**Scraped caption text data:**
-- Opening Marker --

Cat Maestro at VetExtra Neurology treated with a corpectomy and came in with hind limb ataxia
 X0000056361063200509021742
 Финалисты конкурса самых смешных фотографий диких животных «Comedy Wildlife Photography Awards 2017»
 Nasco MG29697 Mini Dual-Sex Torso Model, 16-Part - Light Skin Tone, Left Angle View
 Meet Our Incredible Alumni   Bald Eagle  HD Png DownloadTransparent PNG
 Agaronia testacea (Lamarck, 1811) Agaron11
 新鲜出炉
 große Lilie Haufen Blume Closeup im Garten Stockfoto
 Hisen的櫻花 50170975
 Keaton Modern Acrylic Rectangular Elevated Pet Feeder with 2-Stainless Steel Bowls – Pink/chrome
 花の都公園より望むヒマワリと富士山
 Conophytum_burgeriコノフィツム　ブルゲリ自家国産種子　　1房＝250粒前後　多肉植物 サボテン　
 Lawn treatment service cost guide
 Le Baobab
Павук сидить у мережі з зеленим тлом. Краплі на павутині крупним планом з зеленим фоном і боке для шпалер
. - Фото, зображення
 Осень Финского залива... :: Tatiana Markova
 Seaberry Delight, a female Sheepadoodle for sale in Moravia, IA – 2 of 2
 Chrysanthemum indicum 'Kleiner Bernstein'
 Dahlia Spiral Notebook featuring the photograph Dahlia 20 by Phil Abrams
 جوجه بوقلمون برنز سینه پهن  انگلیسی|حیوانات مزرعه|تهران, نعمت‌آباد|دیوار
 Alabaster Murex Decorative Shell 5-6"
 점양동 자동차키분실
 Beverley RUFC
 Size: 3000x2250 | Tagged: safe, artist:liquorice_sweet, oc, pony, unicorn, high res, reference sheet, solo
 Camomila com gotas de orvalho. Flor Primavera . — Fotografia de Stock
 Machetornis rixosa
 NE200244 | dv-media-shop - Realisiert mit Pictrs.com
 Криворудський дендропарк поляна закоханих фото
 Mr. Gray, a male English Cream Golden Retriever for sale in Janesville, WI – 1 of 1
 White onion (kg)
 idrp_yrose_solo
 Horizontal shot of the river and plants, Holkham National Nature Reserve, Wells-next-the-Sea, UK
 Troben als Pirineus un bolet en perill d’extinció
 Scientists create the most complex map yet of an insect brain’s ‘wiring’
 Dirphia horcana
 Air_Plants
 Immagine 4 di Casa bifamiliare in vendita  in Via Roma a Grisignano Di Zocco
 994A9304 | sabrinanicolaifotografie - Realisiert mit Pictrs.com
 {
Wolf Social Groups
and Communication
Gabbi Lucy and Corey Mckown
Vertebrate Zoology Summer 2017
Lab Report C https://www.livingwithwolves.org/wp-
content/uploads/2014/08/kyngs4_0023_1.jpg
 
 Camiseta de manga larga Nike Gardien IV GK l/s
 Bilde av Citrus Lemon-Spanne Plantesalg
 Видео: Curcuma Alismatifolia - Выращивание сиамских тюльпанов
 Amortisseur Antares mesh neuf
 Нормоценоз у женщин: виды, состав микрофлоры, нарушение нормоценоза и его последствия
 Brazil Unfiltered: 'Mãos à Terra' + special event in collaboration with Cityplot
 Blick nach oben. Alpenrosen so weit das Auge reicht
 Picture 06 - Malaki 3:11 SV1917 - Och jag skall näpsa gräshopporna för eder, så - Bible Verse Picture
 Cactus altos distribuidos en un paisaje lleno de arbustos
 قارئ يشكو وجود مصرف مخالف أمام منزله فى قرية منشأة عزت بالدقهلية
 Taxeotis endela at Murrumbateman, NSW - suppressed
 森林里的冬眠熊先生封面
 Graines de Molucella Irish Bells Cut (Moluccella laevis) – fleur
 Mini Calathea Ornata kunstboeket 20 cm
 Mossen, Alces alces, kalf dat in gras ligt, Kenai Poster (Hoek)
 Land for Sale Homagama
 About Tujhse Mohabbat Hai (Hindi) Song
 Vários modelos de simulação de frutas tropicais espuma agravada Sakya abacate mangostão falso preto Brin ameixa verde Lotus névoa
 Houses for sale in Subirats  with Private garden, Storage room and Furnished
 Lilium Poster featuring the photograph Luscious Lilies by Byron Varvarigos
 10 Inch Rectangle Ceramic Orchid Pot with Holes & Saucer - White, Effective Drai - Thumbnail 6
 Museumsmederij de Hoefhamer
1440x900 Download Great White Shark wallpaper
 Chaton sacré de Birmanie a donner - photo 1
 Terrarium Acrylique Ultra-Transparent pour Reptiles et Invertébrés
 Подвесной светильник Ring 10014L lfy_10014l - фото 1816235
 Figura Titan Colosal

-- Closing Marker --

**THE PROBLEM:** Scan the entries above and return each line that holds "Realisiert".

**ANSWER FOR THIS EXERCISE:**
 NE200244 | dv-media-shop - Realisiert mit Pictrs.com
 994A9304 | sabrinanicolaifotografie - Realisiert mit Pictrs.com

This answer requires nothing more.